Douglas Durkin was a Canadian novelist, short story writer and screenwriter.

Biography

Douglas Leader Durkin was born in Parry Sound, Ontario, Canada, but moved with his family to Swan River, Manitoba, during his youth. He worked as a professor of English literature at Brandon College and the University of Manitoba between 1911 and 1921, when he moved to New York City, leaving behind his wife and children. He taught creative writing briefly at Columbia University before turning to a full-time writing career with fellow-novelist Martha Ostenso.

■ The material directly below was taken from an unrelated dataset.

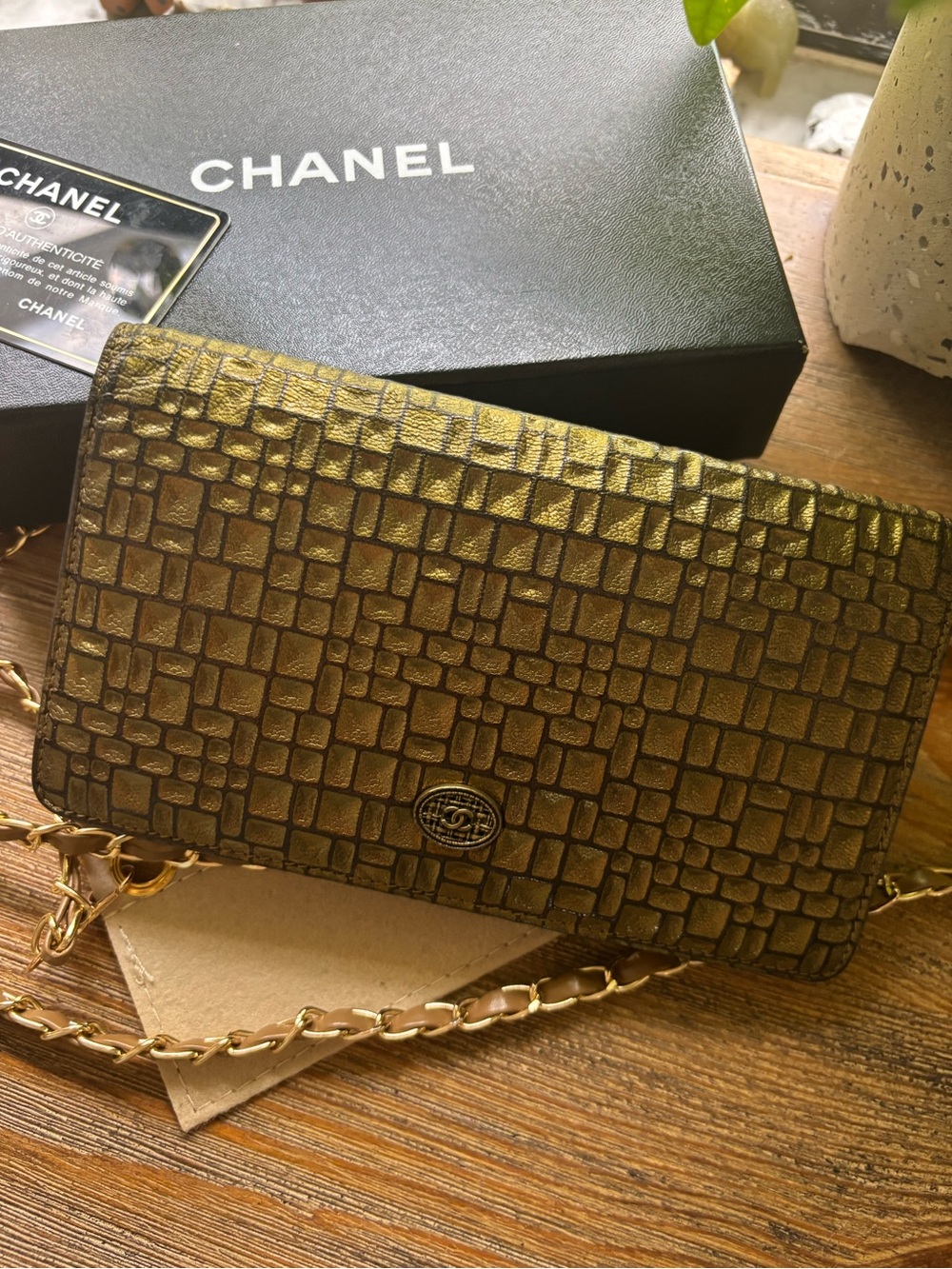 CHANEL Metallic Bronze Mosaic Tile Texture Wallet w/ Box & Crossbody Chain RARE - Picture 12 of 17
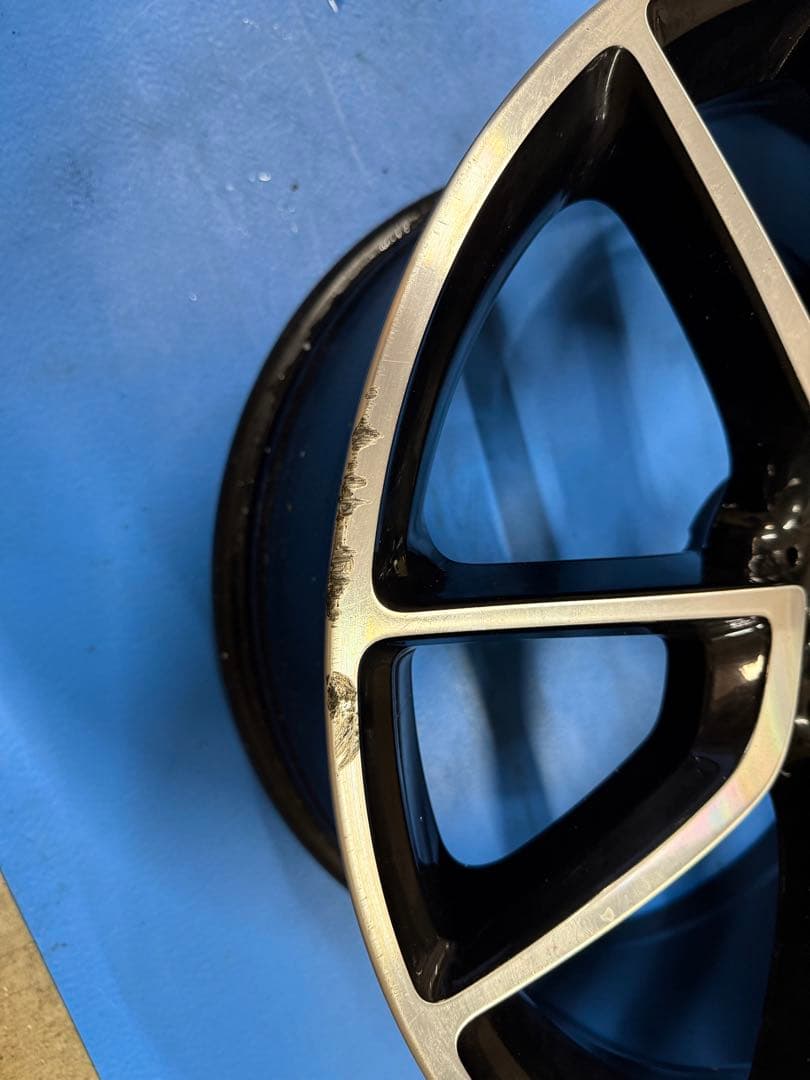 メルセデスAMG21インチ9.5j/+22 ハブ約67㎜ 2本 ガリキズあり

Durkin and Ostenso married in 1945, after the death of his first wife, and lived together, first in New York and later in Minnesota, until Ostenso's death in 1963. Durkin died in Seattle, Washington, in 1967.
Durkin is best known for his 1923 novel The Magpie, set during the Winnipeg General Strike and dealing with issues of worker's rights. It is considered a valuable contribution to the emergence of realism in Canada, particularly prairie realism.
Durkin is also known for his relationship with Ostenso. Durkin and Osteno met at the University of Manitoba where she was his student; shortly after Durkin moved to New York, where Ostenso followed him. It has been suggested that Durkin contributed significantly to Ostenso's first novel, Wild Geese, a fact that was kept secret because Wild Geese won the 1925 Dodd, Mead and Company Best Novel of the Year Award, which could only be awarded to first-time novelists.
In 1958, at the end of their writing careers, Ostenso and Durkin signed a legal agreement stating retroactively that every novel published under the name "Martha Ostenso" had in fact been collaboratively written by Ostenso and Durkin. This may account for why Durkin published only one novel after The Magpie, the darkly humorous Mr. Gumble Sits Up. Durkin did continue to publish short stories under his own name as well as under the pseudonym "Conrad North," a nickname apparently given to him by Ostenso.